Microsoft Fixes 77 Vulnerabilities in March Patch Tuesday

Microsoft has released its March 2026 Patch Tuesday security updates, fixing at least 77 vulnerabilities across Windows operating systems and other Microsoft software products, according to a report by security researcher Brian Krebs. 

While this month’s update does not include any actively exploited zero-day vulnerabilities unlike February’s release which addressed several security experts say the patches still contain issues that organisations should address quickly.

Among the vulnerabilities patched are several classified as “critical,” meaning attackers could potentially exploit them to run malicious code remotely on affected systems with little or no user interaction.

Security researchers also highlighted two vulnerabilities that were publicly disclosed before patches were released, increasing the likelihood that attackers could attempt to exploit them now that details are available. 

One of those flaws, CVE-2026-21262, affects Microsoft SQL Server and could allow a malicious user to escalate privileges and gain administrative control over a database system if exploited.

Another vulnerability involves the .NET framework, where attackers could trigger a denial-of-service condition through specially crafted network requests.

Broad range of Microsoft products affected

The March update affects a wide range of Microsoft technologies used by businesses and consumers, including:

• Windows operating systems
• Microsoft Office and Excel
• SQL Server
• Azure cloud services
• .NET development framework

Several vulnerabilities also impact core Windows services and infrastructure components such as SMB networking, Active Directory services, Kerberos authentication, and the Windows printing subsystem. 

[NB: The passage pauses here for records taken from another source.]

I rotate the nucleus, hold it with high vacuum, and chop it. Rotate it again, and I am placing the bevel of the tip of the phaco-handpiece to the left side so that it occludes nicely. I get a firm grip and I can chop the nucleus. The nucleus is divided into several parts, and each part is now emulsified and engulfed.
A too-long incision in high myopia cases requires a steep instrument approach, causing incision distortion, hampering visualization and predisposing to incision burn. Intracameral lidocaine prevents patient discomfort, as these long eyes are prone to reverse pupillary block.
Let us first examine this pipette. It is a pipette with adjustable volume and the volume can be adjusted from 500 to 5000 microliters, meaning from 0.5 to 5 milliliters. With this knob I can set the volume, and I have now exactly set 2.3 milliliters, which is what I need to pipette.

Because many of these components are widely used in enterprise networks, security teams are being urged to prioritize patching systems exposed to the internet or critical business services.

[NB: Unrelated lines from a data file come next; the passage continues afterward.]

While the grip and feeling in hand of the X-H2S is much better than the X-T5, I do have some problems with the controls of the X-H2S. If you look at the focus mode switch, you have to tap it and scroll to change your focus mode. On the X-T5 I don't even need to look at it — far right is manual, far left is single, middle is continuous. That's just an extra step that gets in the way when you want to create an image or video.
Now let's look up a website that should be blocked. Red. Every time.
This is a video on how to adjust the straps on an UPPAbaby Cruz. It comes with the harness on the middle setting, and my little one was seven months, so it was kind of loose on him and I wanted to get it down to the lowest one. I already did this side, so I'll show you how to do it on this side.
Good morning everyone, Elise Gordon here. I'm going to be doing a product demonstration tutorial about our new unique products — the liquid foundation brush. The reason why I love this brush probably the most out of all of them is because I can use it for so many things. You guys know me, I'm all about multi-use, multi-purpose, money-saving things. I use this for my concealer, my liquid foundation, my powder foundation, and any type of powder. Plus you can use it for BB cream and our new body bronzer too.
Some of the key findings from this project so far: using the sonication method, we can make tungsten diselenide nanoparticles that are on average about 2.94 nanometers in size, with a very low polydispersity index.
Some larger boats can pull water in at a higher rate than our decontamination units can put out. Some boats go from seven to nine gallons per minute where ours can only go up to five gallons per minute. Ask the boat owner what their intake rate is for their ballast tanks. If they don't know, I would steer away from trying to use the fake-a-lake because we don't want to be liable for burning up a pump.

Microsoft releases security updates on the second Tuesday of every month, a practice commonly known in the industry as “Patch Tuesday.”

The schedule allows organizations to prepare for regular updates while giving security researchers time to analyse vulnerabilities and recommend mitigation strategies.

However, once patches are released, attackers often study the updates to reverse-engineer the underlying vulnerabilities; a phenomenon sometimes referred to as “Exploit Wednesday.”

Although the March update lacks active zero-day exploits, cybersecurity specialists say organizations should not delay installing the patches.

Newly disclosed vulnerabilities can quickly become targets for attackers once technical details become public, especially in widely deployed enterprise systems like Windows servers, Office applications, and SQL databases.

For businesses and individual users alike, applying the latest Patch Tuesday updates remains one of the simplest and most effective ways to protect systems from potential cyberattacks.